Per noi cuori leccesi, invece, il più o meno solito passeggio sottosopra la follia con un bicchiere vuoto per pieno in mano . Stavolta sull’erbetta del Via del Mare. Di scena Lecce-Monza, gara d’esordio del 2021, valevole per la diciassettesima giornata di Serie B.

Il primo tempo scivola via con una serie di contrasti a centro campo a ritmo tutto sommato blando. Maggior possesso palla dei brianzoli frammentato da fiammate salentine, specie nel finale di frazione, ma nessuna occasione particolarmente degna di nota.

Non cambia il cliché nella ripresa. Gara ricca di agonismo e sostanzialmente equilibrata, almeno fino al novantesimo. Quando i biancorossi rimangono in dieci per una violenta entrata a forbice del loro centrale difensivo. A quel punto i nostri sfiorano l’incredibile vantaggio. Sugli sviluppi di un corner, la conclusione rasoterra sibila di un soffio fuori, sotto la Nord, alla sinistra del portiere ospite. Nonostante sei minuti di recupero la situazione non si sblocca, Lecce-Monza termina con un pari senza reti . Con un “nulla di fatto” si sarebbe detto un tempo.

Ma sarà vero “Nulla”?

«La potenza di Dio si manifesta precisamente in questo

affermava San Teofilo d’Antiochia

che egli parte dal nulla per fare tutto ciò che vuole»

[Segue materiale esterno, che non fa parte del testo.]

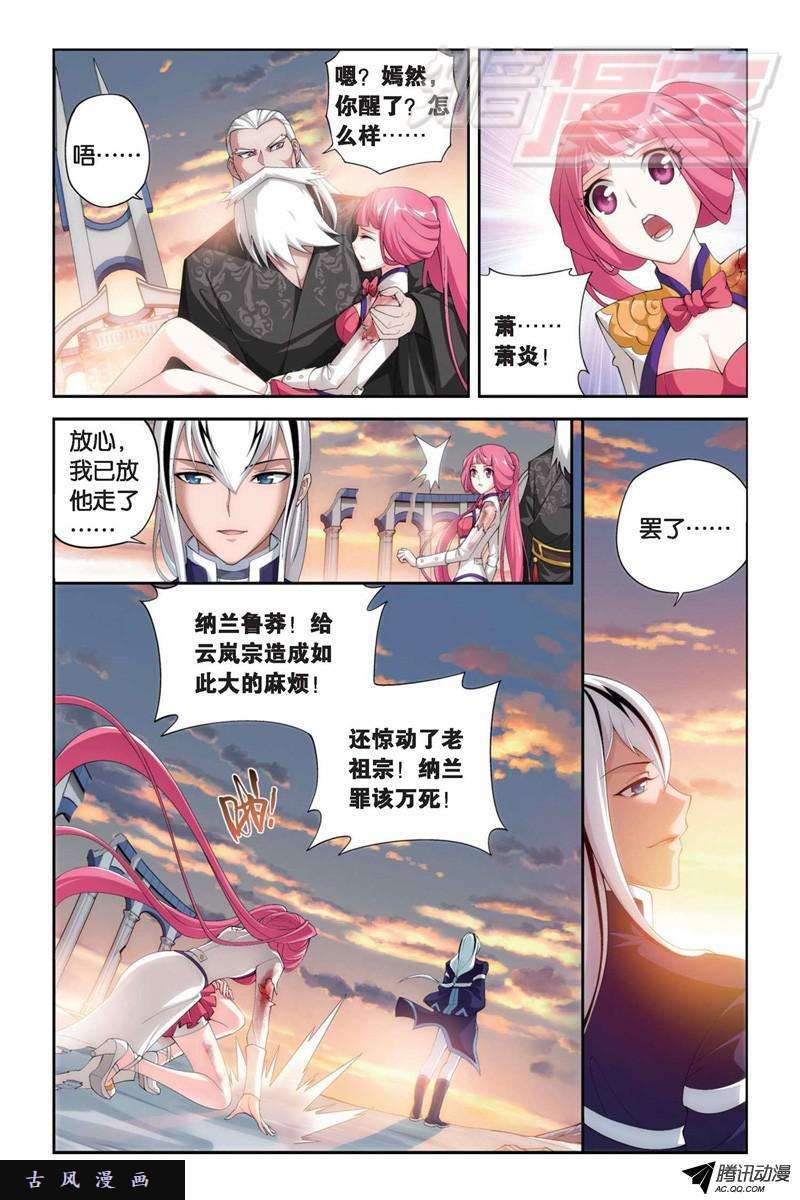 斗破苍穹第887话 新焚决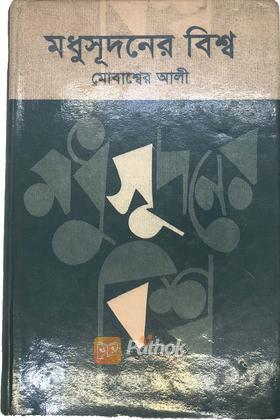 মধুসূদনের বিশ্ব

e, d’altro canto, non c’è azione di Dio distinta da Dio stesso. Pure secondo Victor Hugo,

non c’è il nulla. Zero non esiste. Ogni cosa è qualche cosa. Niente non è niente.”

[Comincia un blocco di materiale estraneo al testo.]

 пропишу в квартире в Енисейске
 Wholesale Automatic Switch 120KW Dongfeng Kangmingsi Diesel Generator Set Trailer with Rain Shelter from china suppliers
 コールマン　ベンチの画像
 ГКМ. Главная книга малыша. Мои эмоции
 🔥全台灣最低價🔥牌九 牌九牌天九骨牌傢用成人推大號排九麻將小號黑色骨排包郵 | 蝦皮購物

Difatti, nel calcio come nella vita, tornando alla causa giallorossa, riuscire a mantenere la porta leccese inviolata dopo ben quattordici partite consecutive che si subiva gol, di certo, è già qualcosa. Come lo è anche non essere stati costretti a inseguire, cosa sempre accaduta negli ultimi sette turni precedenti.

E’ pur vero, però, che la distanza dalle prime comincia ad essere rilevante.

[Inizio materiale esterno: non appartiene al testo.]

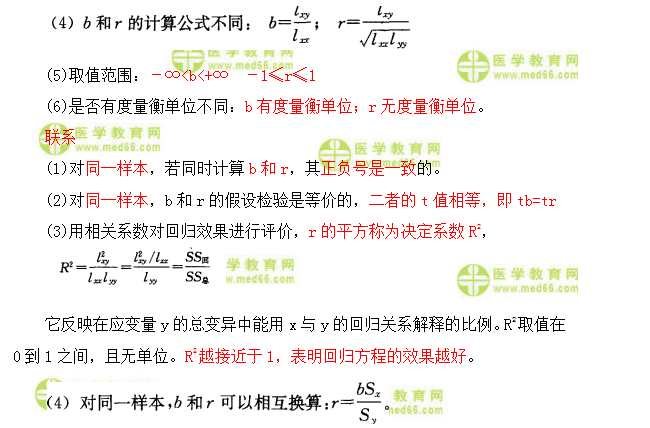 微信截圖_20210810085432 微信截圖_20210810085432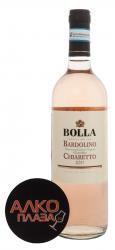 Bolla Bardolino Chiaretto DOC - вино Болла Бардолино Кьяретто 0.75 л розовое сухое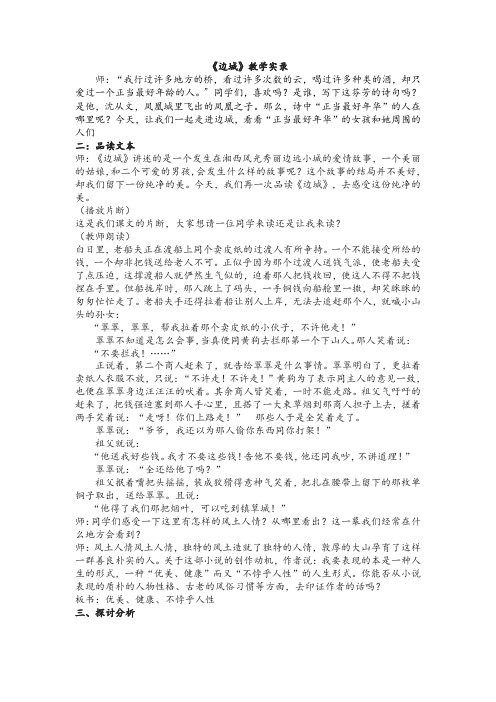 高中语文复习提升-《边城》教学实录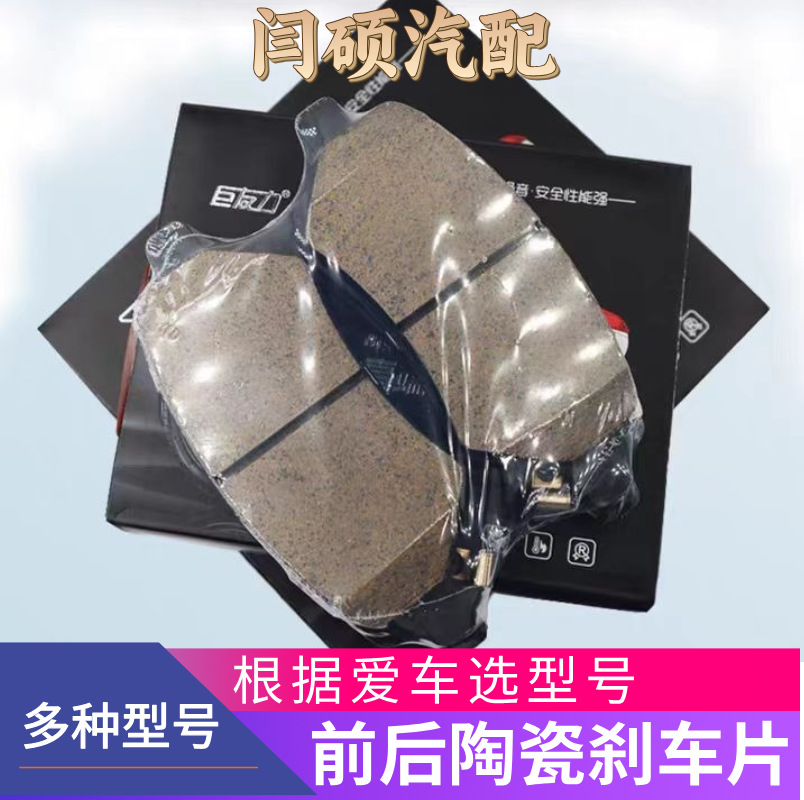 Ceramic Brake Pad Set for Changan CS35 Eado CS75 CS15 Oshan Yuexiang CX20 2000-2023 - Image 3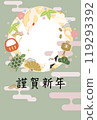 New Year's card with ball python and lucky charms (Happy New Year_window) 119293392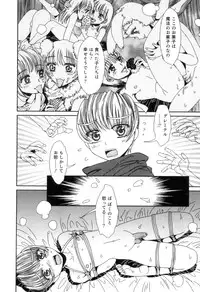 [Anthology] Otokonoko Heaven Vol. 06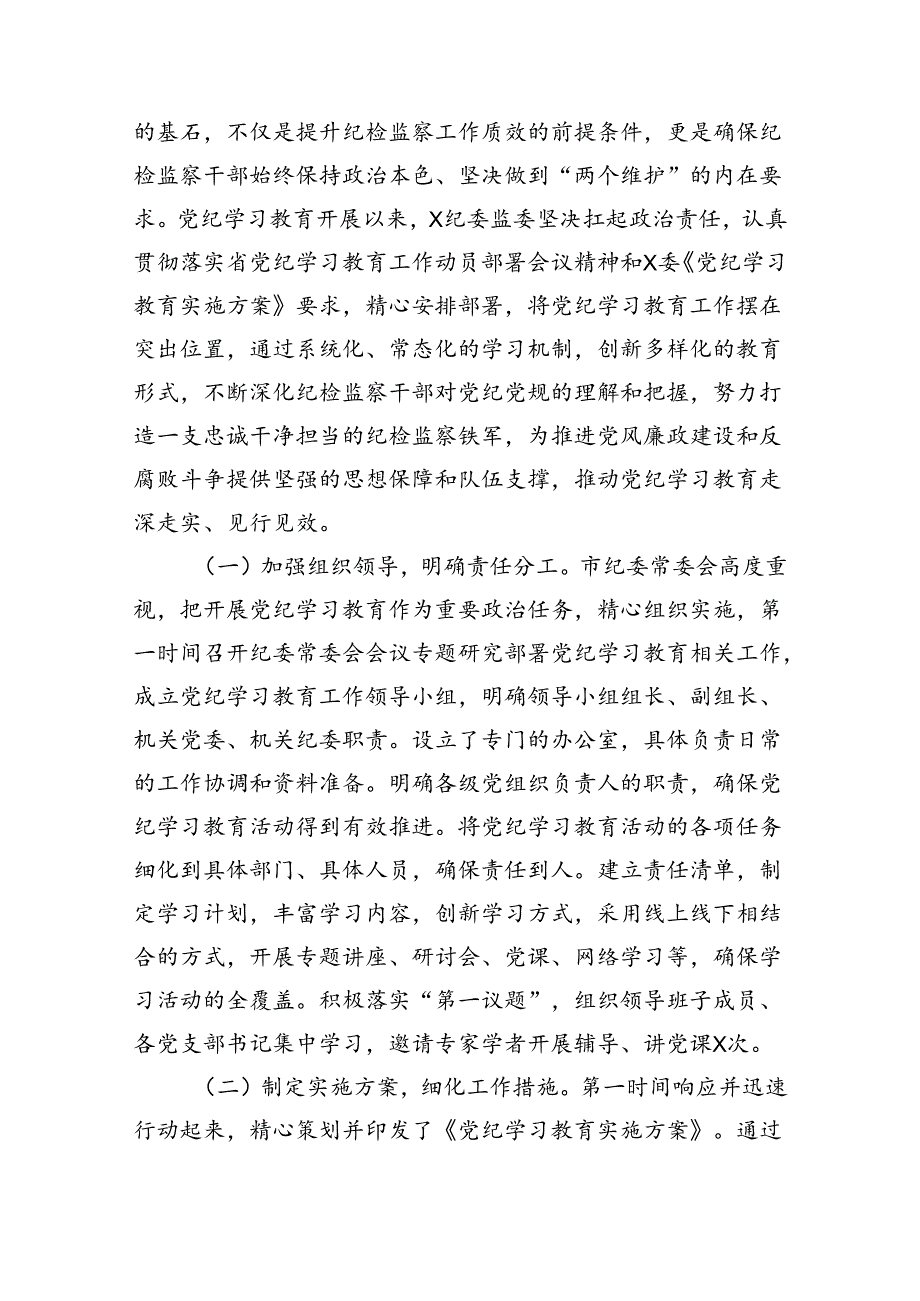 （11篇）2024年党纪学习教育开展情况阶段性工作总结报告（最新版）.docx_第3页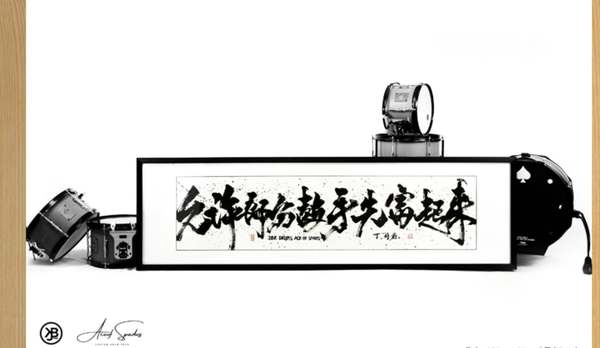 Calligraphy Masterpiece “Drummer's Famous Quotes” — 174×51 cm (Design B)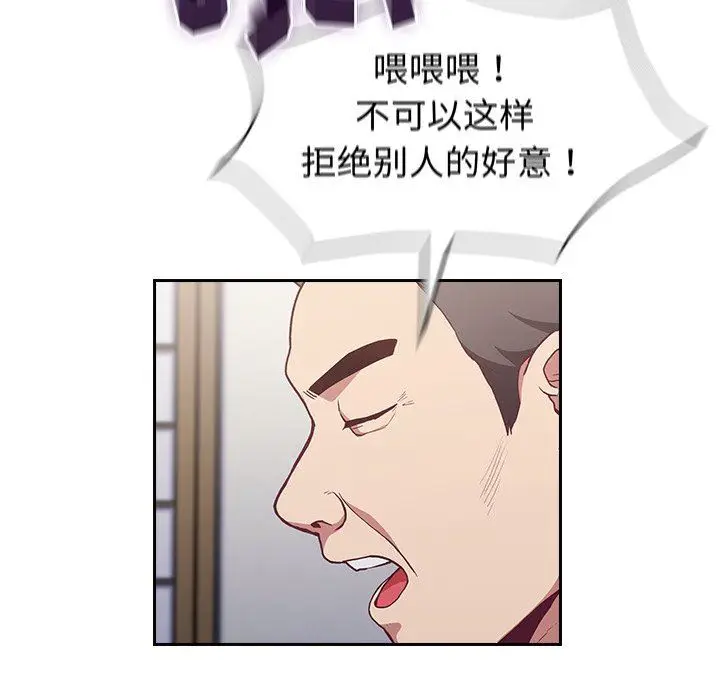 漫画《不请自来的未婚妻》第3话第34张图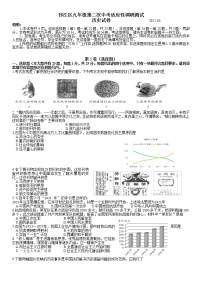 2022年江苏省扬州市邗江区中考二模历史试卷（含答案）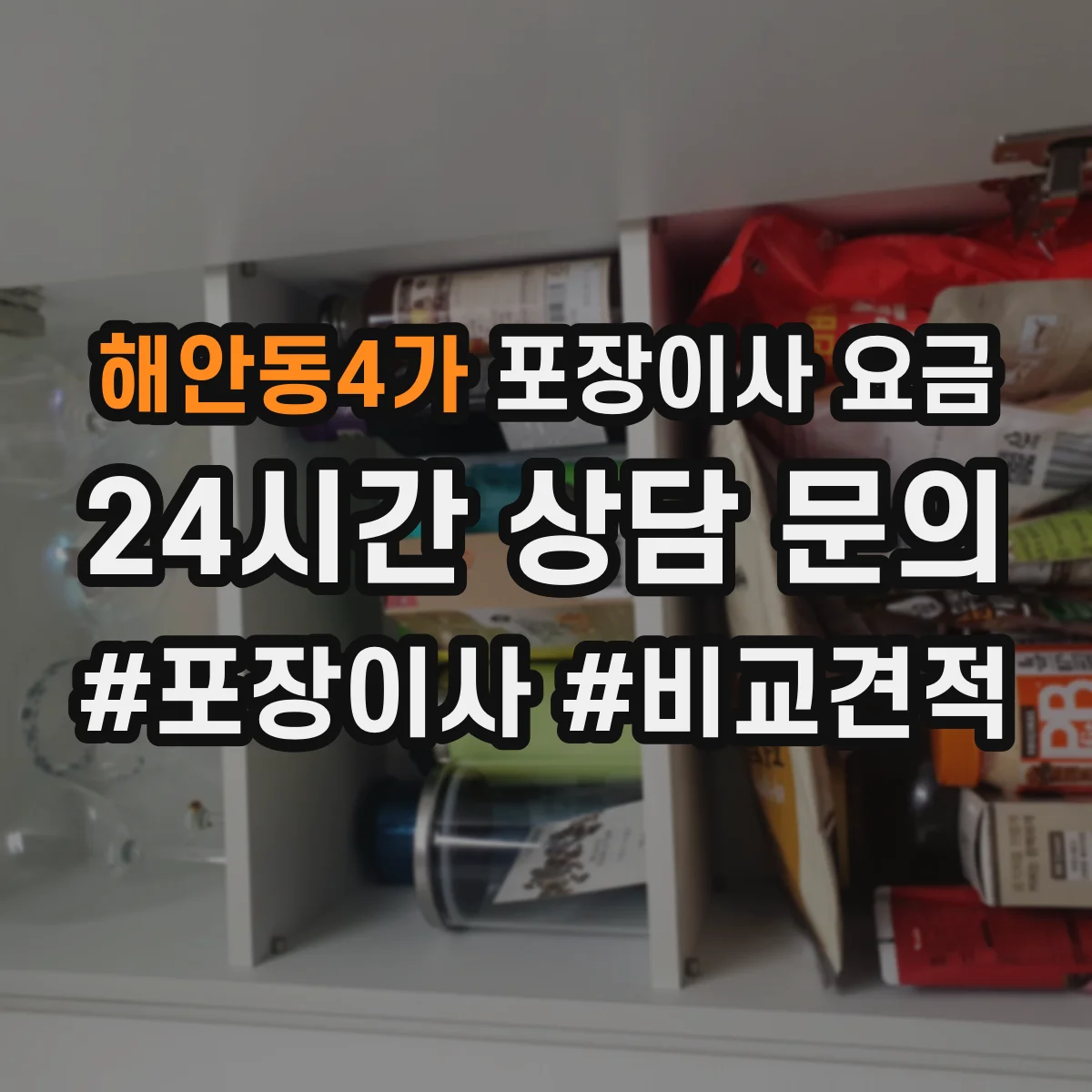 해안동4가 포장이사 요금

Dunque, caro Lecce nostro, dopo la prossima sosta invernale del torneo, sarà bene

“ripartire da zero

cantava la Pausini, anzi da questo zero a zero canteremmo noi –

a ricordare che niente e nessuno può rubarti il futuro. E’ importante. Tu sei importante.”

“Per sognare qualcosa di straordinario che possiamo raggiungere tutti insieme.” Parola di – bentornato in panca mister – Eugenio Corini.

3 Responses

  1. sangel

    Zero a zero, ossia la partita perfetta. In realtà, era un’espressione “consolatoria” del grande Gianni Brera per giustificare una partita noiosa e priva di goals, alla quale magari sarebbe stato meglio non assistere. Tuttavia, sono d’accordo sul fatto che bisogna cogliere l’aspetto positivo dato dallo zero alla casella “goals subiti” contro una squadra da tutti additata al salto di categoria. A questo punto, si tratta di dare continuità, cercare di risalire la china e recuperare il terreno perso.

  2. Fracchia

    Il numero zero è il numero che segue ogni numero negativo e che precede ogni numero positivo. Ripartire da zero è necessario, magari approfittando del mercato invernale e garantendo quegli innesti funzionali che potrebbero far muovere la classifica un +3 alla volta e lasciando a “zero” punti la Reggina prossima avversaria.